A specific role for miR-34a during neuronal differentiation has not been reported. Interestingly, herein we showed a significant upregulation of miR-34a during mouse NS cell differentiation, and this paralleled the appearance of postmitotic neurons. In addition, in vitro
transient overexpression of miR-34a increased the proportion of NeuN-positive cells. Given that miR-34a has been shown to regulate genes involved in cell cycle arrest, it is possible that miR-34a upregulation is related to cell cycle exit and the subsequent appearance of immature postmitotic neurons. In fact, miR-34a upregulation in ES cells after LY treatment, as well as in NT2N cells after incubation with the mitosis inhibitor, supports this hypothesis. In addition, it has been previously shown that miR-34a can suppress cell-cycle genes and induce neural phenotype in neuroblastoma tumors [56
]. Importantly, it has been previously reported that miR-34a overexpression had no effect on cell cycle arrest and survival/apoptosis of astrocytes [57
]. However, additional studies are required to confirm the influence of miR-34a in neurogenesis and evaluate whether it mediates p53 effects on cell differentiation. In fact, several potential miR-34a targets might be involved in the transition towards postmitotic neurons. It was previously demonstrated that miR-34a targets Sirt1 and is regulated by p53, which in turn, is activated by Sirt1 suppression [59
]. In addition, miR-34a may also regulate the differentiation process by influencing Notch signaling pathway [57
]. In contrast to let-7a and miR-16, miR-34a was barely detected in undifferentiated cells, supporting its specific involvement in cell differentiation.
miR-19a and miR-20a are members of the miR-17-92 cluster [61
], which consists of seven mature miRNAs, previously linked to tumorigenesis. Recently, additional functions have been assigned to this cluster, particularly to miR-20a and miR-19a. Specifically, miR-20a was shown to control monocyte differentiation [62
]. In fact, transfection of hematopoietic progenitors with miR-20a increased the proliferation of monocytes and blocked differentiation, whereas inhibition of miR-20a caused a decrease in proliferation and more rapid differentiation and maturation. Our results, showing that miR-20a decreases during mouse NS cell differentiation, are in agreement with this previous report.

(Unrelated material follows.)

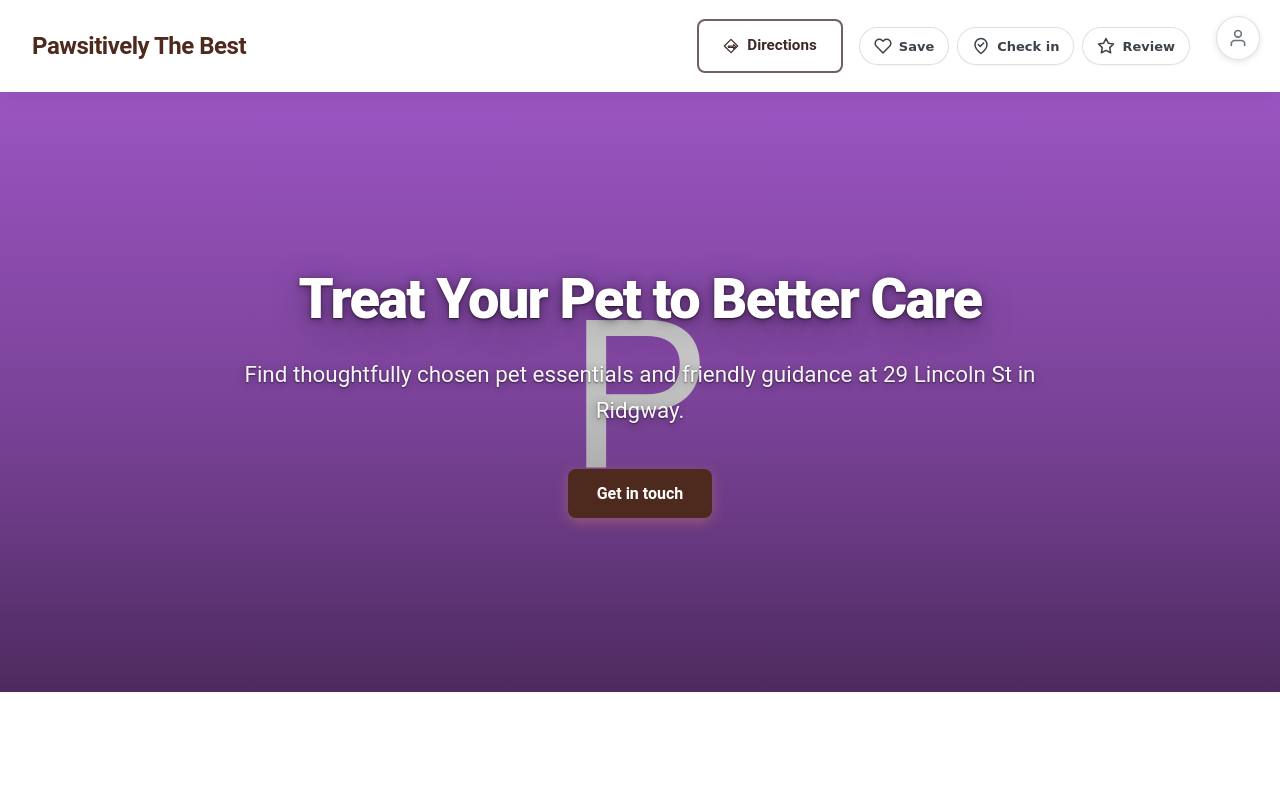 Preview of your live website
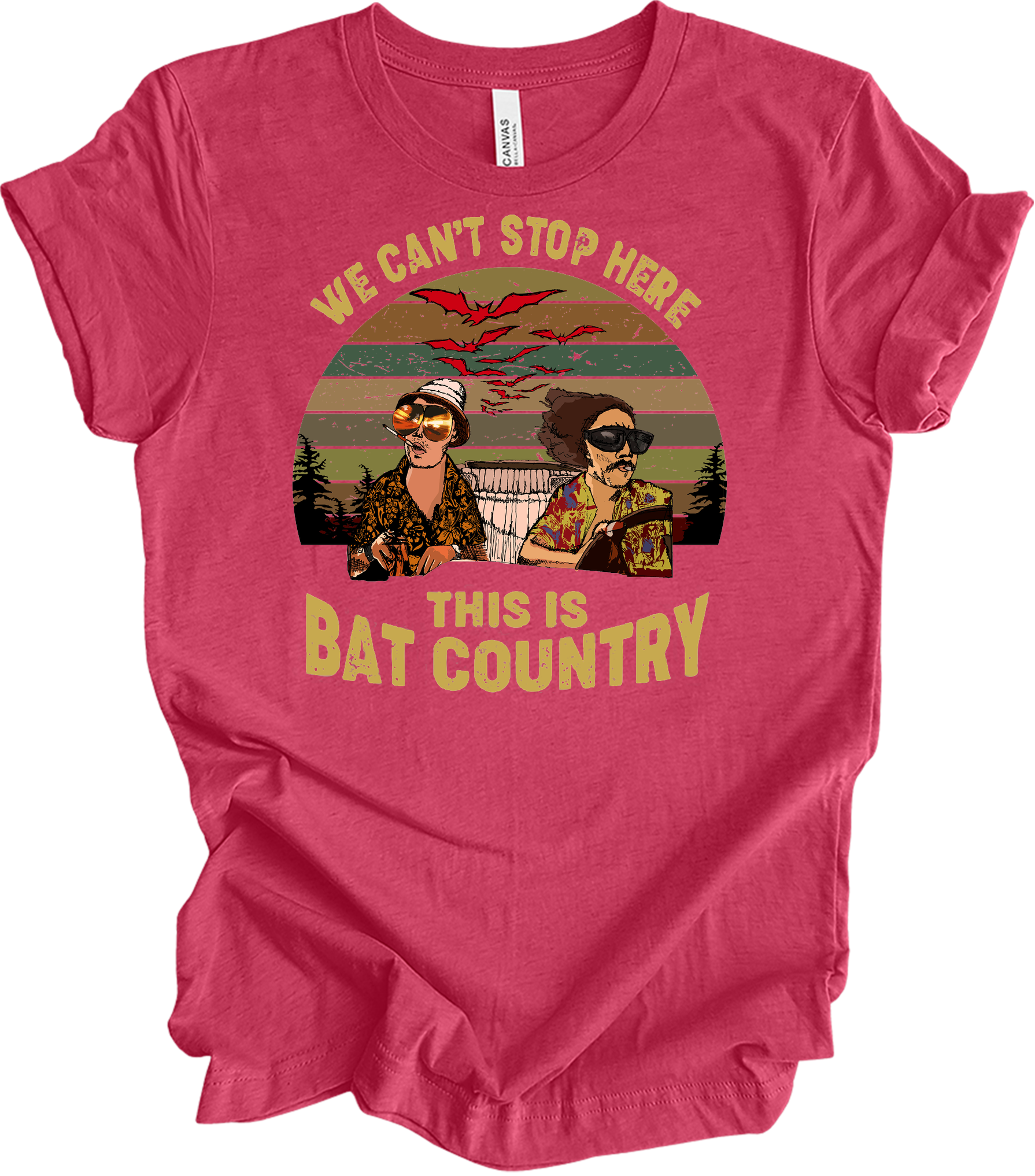 Bat Country T-Shirt in Heather Raspberry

Only limited information is available regarding the physiological role of miR-19a. It has been demonstrated that it acts as a positive regulator of antiapoptotic Stat3/IL-6 receptor signaling by directly suppressing SOCS-1, thereby facilitating malignant growth of multiple myeloma [63
]. Further, miR-19 appears to affect the level of proapoptotic protein Bim, thereby preventing apoptosis and promoting cell survival. The possible role of miR-19a on cell survival, may explain why this miRNA was upregulated at early stages after the induction of mouse NS cell differentiation. However, additional studies are required to determine the specific role of both miR-20a and miR-19a during cell differentiation, and also evaluate if their expression is restricted to a specific cell type.